Problem:
Beginning with the line that contains "Young Man Wearing" in the material below, print each line exactly until the line that contains "Foto von der" has been printed, then stop.

Material shown:
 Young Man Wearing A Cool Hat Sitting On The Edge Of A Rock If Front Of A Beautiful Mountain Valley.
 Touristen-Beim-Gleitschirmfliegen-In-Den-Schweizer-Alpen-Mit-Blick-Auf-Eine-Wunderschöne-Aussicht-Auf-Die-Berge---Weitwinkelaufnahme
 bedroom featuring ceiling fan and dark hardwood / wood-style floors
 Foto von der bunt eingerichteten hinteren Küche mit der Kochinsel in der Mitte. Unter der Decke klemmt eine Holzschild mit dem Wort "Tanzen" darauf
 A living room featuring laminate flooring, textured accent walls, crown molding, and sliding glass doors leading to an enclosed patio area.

--

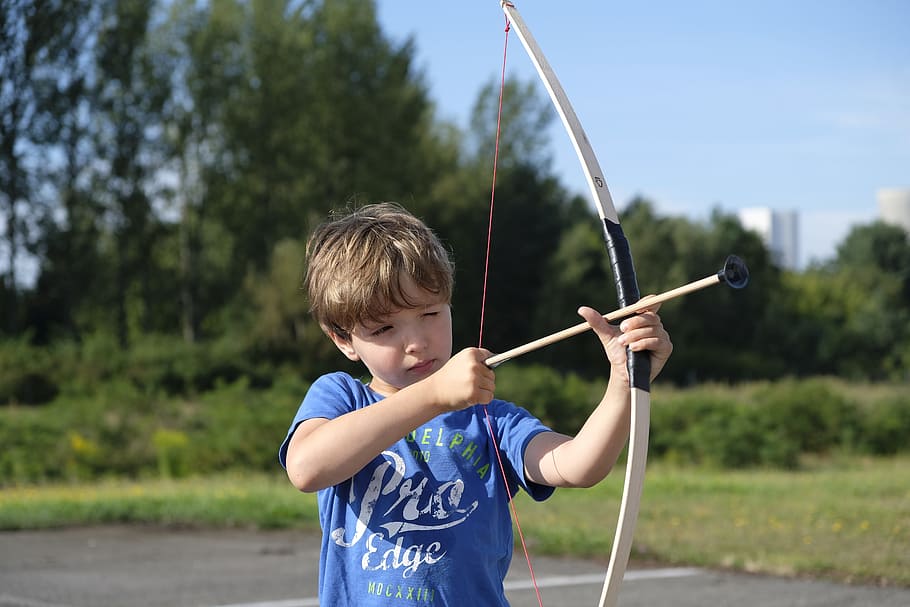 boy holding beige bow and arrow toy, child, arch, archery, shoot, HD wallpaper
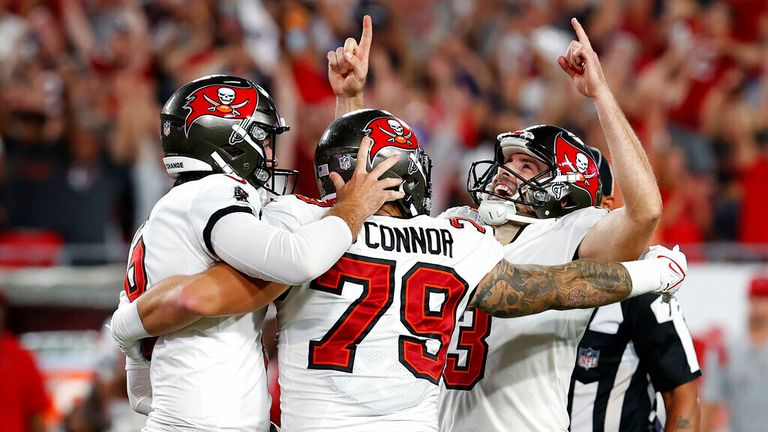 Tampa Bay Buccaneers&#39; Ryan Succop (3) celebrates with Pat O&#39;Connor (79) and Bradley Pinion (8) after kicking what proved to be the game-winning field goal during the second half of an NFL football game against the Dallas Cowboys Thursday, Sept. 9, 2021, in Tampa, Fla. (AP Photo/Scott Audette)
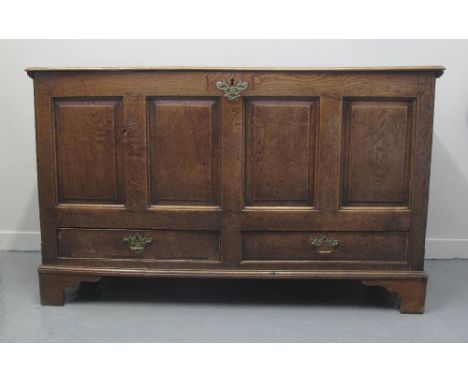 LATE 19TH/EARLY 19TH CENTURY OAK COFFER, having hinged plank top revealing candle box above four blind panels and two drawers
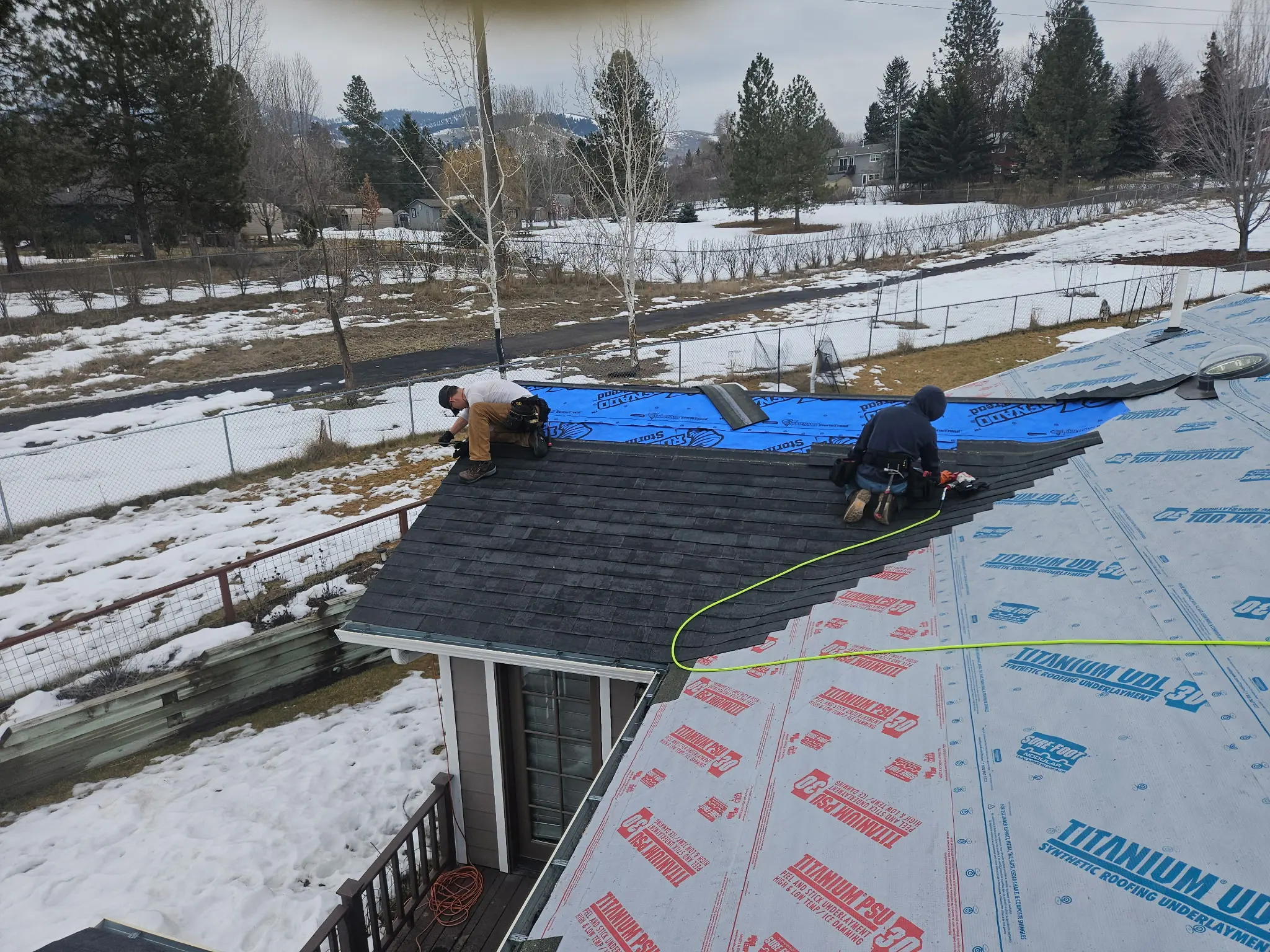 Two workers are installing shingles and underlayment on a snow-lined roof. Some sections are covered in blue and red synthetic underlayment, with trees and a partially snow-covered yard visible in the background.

Completed task:
 Young Man Wearing A Cool Hat Sitting On The Edge Of A Rock If Front Of A Beautiful Mountain Valley.
 Touristen-Beim-Gleitschirmfliegen-In-Den-Schweizer-Alpen-Mit-Blick-Auf-Eine-Wunderschöne-Aussicht-Auf-Die-Berge---Weitwinkelaufnahme
 bedroom featuring ceiling fan and dark hardwood / wood-style floors
 Foto von der bunt eingerichteten hinteren Küche mit der Kochinsel in der Mitte. Unter der Decke klemmt eine Holzschild mit dem Wort "Tanzen" darauf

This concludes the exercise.